- _Problem to solve_:
Starting at the line that contains "Aerial view of city at night", output each line exactly as written through the end of the listing below, but leave out the pictures.

- _Data to use_:
-*-

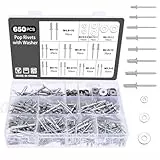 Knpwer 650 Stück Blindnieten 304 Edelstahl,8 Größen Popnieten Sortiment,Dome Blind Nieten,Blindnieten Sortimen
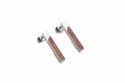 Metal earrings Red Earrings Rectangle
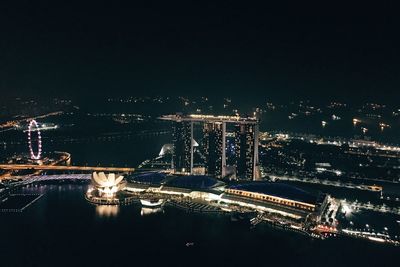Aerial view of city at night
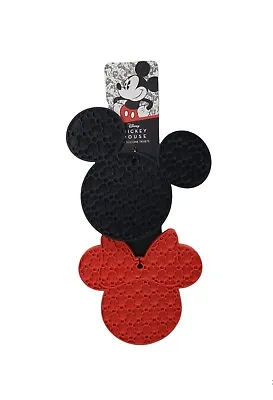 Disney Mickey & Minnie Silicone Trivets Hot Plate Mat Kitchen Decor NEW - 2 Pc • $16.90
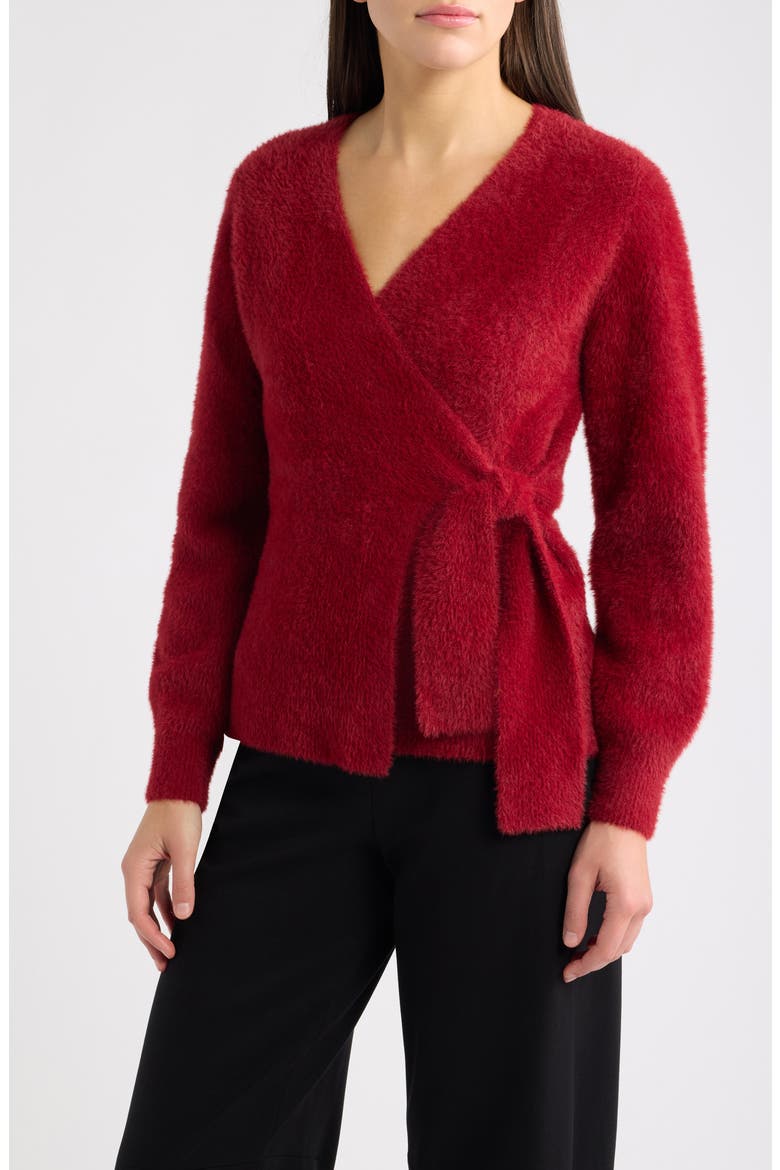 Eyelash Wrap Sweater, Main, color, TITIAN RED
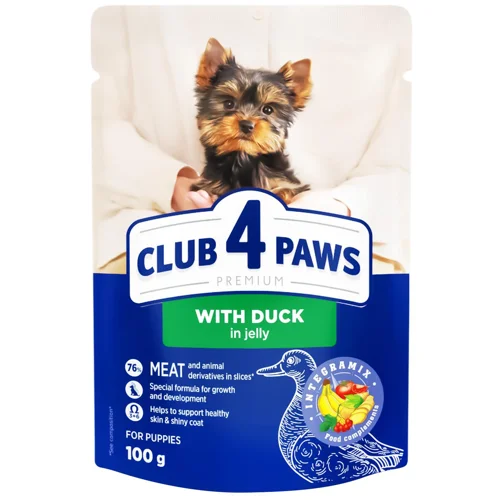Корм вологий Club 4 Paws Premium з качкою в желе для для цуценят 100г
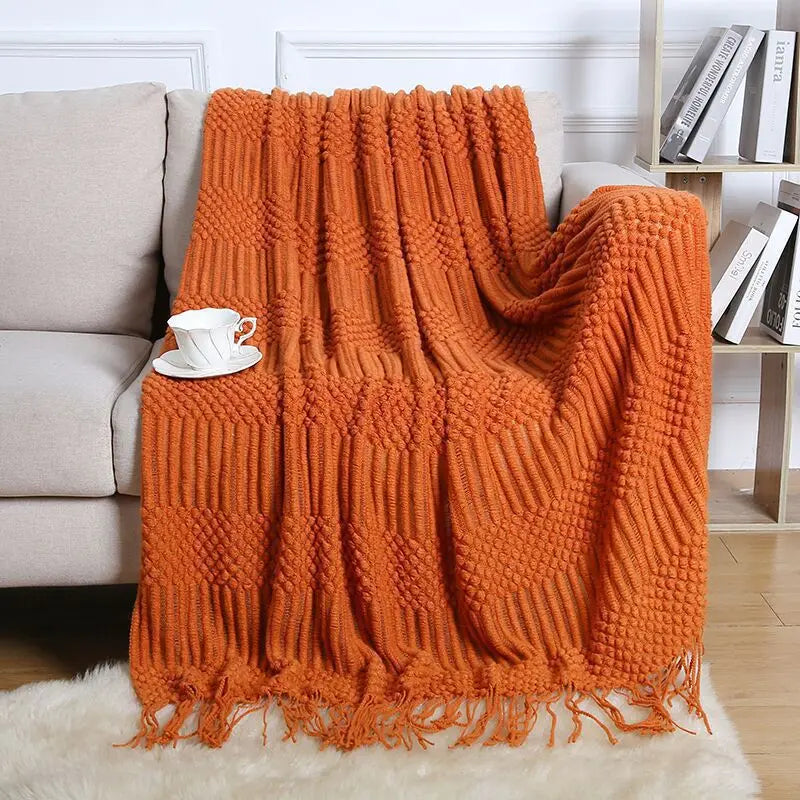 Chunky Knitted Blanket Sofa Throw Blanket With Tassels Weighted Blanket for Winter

-*-

- _Result_:
Aerial view of city at night
 Disney Mickey & Minnie Silicone Trivets Hot Plate Mat Kitchen Decor NEW - 2 Pc • $16.90
 Eyelash Wrap Sweater, Main, color, TITIAN RED
Корм вологий Club 4 Paws Premium з качкою в желе для для цуценят 100г
 Chunky Knitted Blanket Sofa Throw Blanket With Tassels Weighted Blanket for Winter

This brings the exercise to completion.